• **Data to examine**:
>>>>

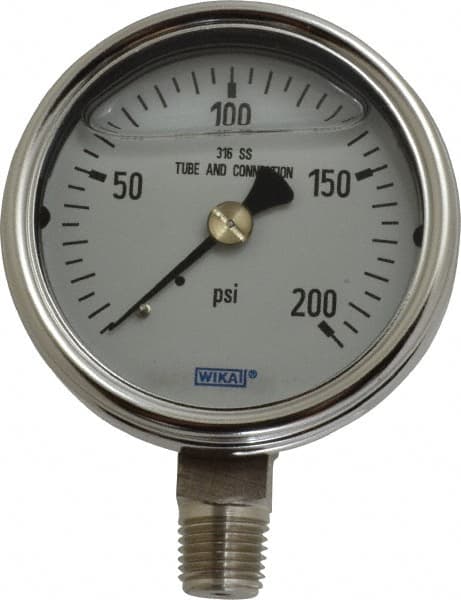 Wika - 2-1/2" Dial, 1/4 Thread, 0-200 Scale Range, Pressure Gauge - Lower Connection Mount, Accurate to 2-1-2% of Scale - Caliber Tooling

<<<<
>>>>

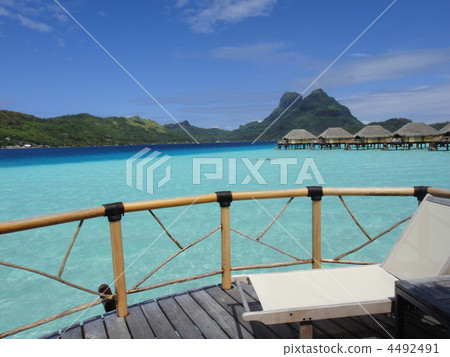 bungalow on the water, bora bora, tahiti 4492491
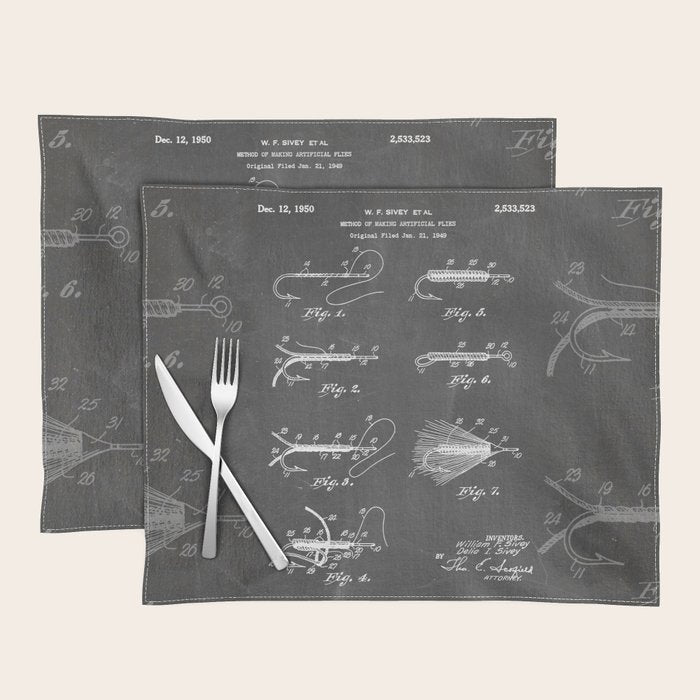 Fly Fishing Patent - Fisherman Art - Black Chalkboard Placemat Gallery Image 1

<<<<
>>>>

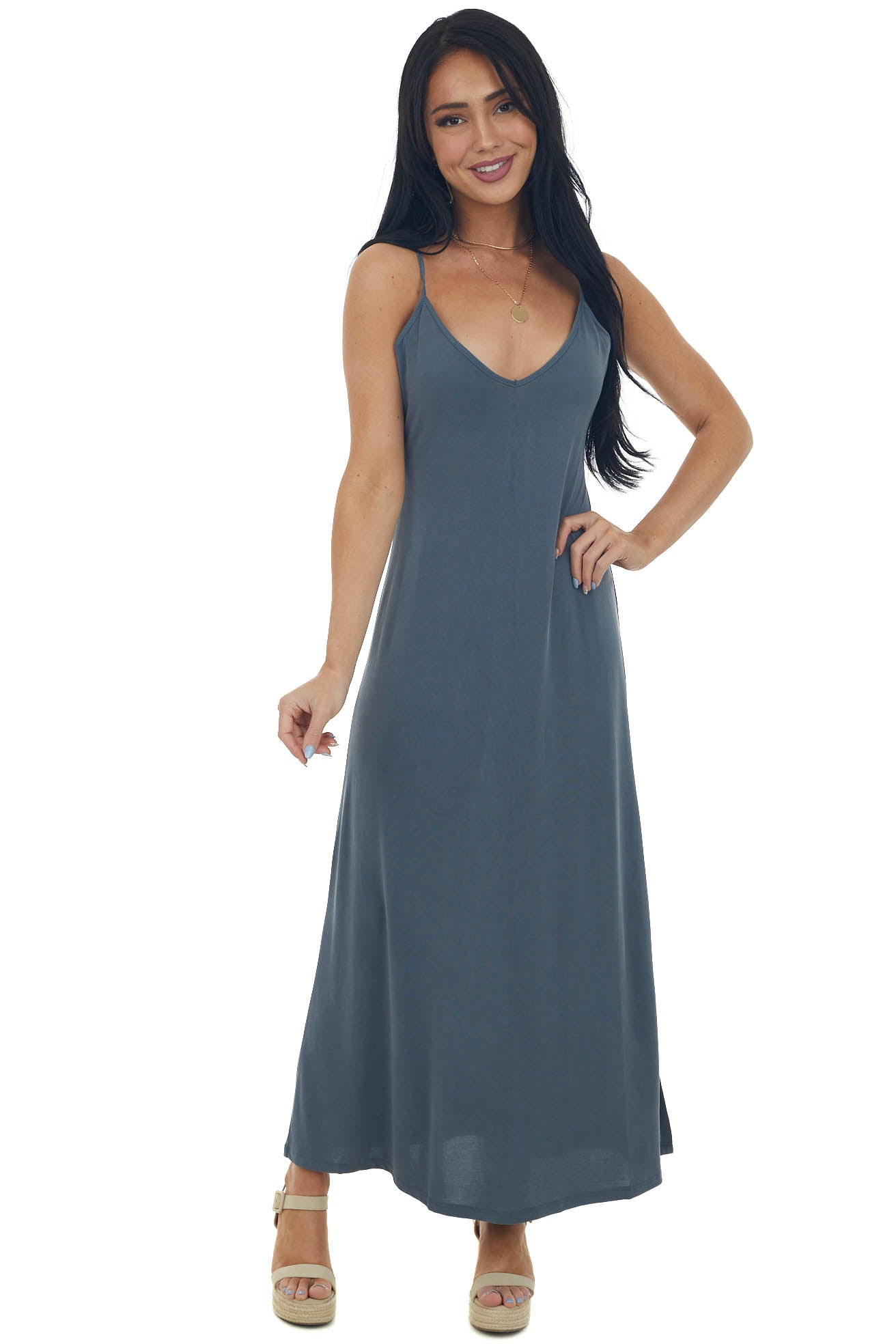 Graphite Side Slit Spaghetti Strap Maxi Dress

<<<<

• **Exercise directions**:
Only one stretch of the data is wanted: write out exactly the lines from the one holding "bungalow on the" through the one holding "Fly Fishing Patent", both included, without the pictures.

• **Exercise response**:
 bungalow on the water, bora bora, tahiti 4492491
 Fly Fishing Patent - Fisherman Art - Black Chalkboard Placemat Gallery Image 1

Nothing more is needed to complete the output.